Fifteen years before I went to Edinburgh University and met a clutch of student writers who would prosper and continue to be friends, there had been another bunch of young poets there. By the mid-80s, they had begun to publish books, and seemed rather dashing and intriguing individuals to a youngster like me with literary ambitions – they were living as full-time writers, despite being in their early 30s. I heard that three of them had been dubbed 'The Golden Triangle' because of their great promise. These three were Ron Butlin, Brian McCabe and Andrew Greig.

McCabe is now back at Edinburgh University, as the current Writer in Residence. As with his co-writers in the triangle, he has forged a parallel career in fiction and poetry and is probably best known for his careful, atmospheric short stories. Butlin has been busy recently, with a new colletion of stories, a New & Selected Poems, and he published his latest novel page:m/Books/Belonging-9781852429157(Belonging) to great acclaim this year.

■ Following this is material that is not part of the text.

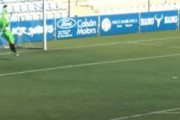 ◆悲報◆スペイン6部ビナロスのGKさん95分に劇的同点ゴールの離れ業も直後にキックオフゴール決められて天国から地獄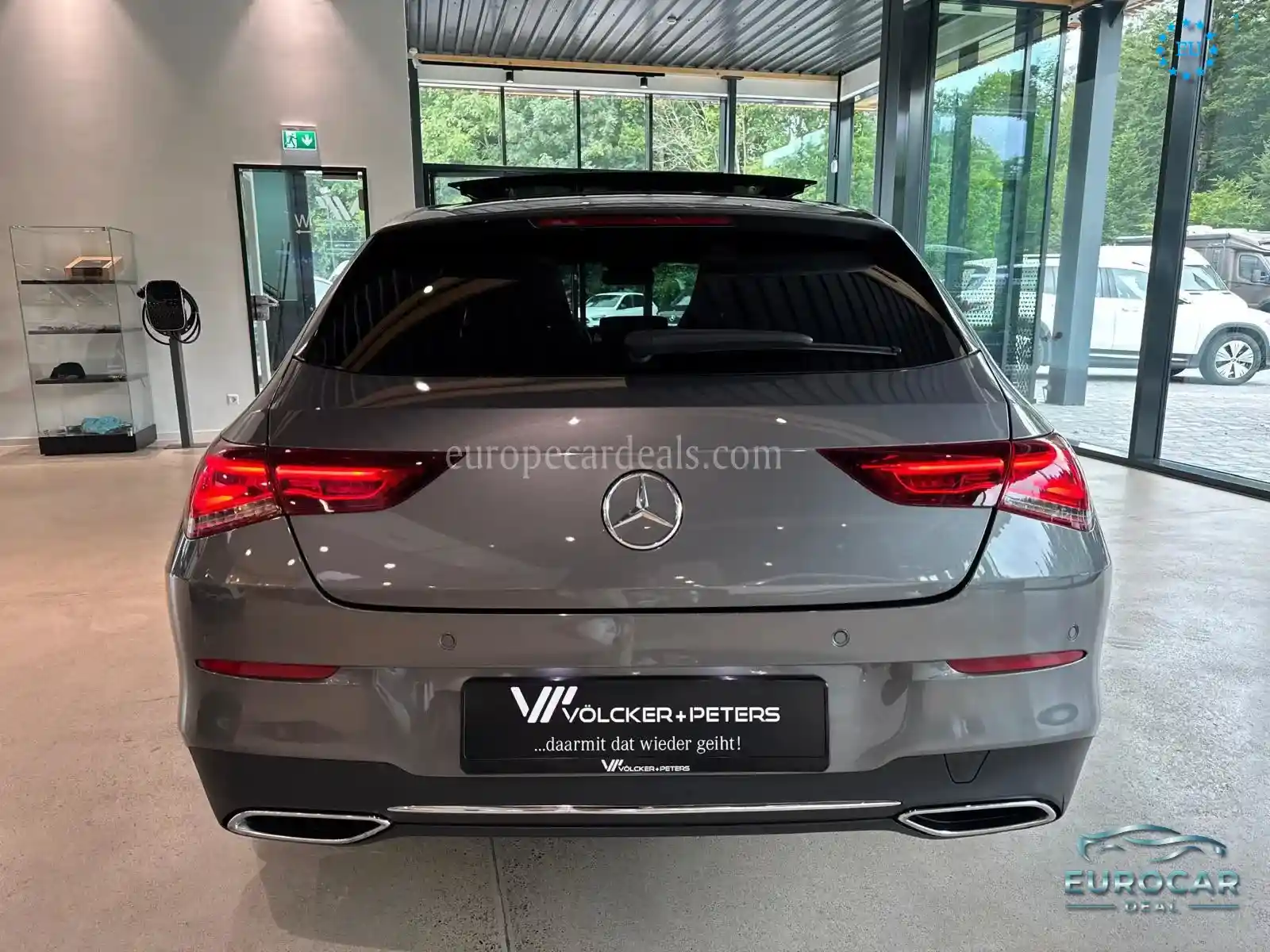 Mercedes-Benz CLA 220 Shooting Brake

Of the three, Andrew Greig took the longest to succumb to fiction: though he had written two non-fiction books – both accounts of mountaineering trips - his first novel Electric Brae did not appear till the early 90s, but in the past decade, it has had four successors, including 2004's In Another Light, named Scottish Book of the Year, leading to a reputation as one of the country's leading novelists.

This year sees the publication of Greig's This Life, This Life (Bloodaxe), a sizeable selection of his poems going back to his late teens and his days as a student poet in Edinburgh. A pamphlet and six collections are cherry-picked, and 20 pages of recent poems complete the book.

Though the first, early poems in the book are conventional lyrics, by Greig's first full collection Men On Ice, he is already drawn to the rangy, extensive and interlinked poems which he would later return to in the book length-sequence Western Swing. Both 'Hoof' and 'Captain Zen?' show a Beat influence, though applied to the rather non-Beat subject of climbing. It was this book, a cult read in the mountaineering community, which would lead to invitations to take up the sport himself.

In the mid-80s, Greig co-wrote another book-length sequence with Kathleen Jamie - A Flame In Your Heart - which later formed the basis for one of his novels. His most highly-regarded collection followed in 1990: The Order of the Day drew comparisons with the work of Edwin Morgan, whose work has awoken Scottish poets to the possibilities of balancing the conventional lyric with the expansive, the experimental, the extraordinary. Greig's poetic work fits squarely into this moveable feast of a mode.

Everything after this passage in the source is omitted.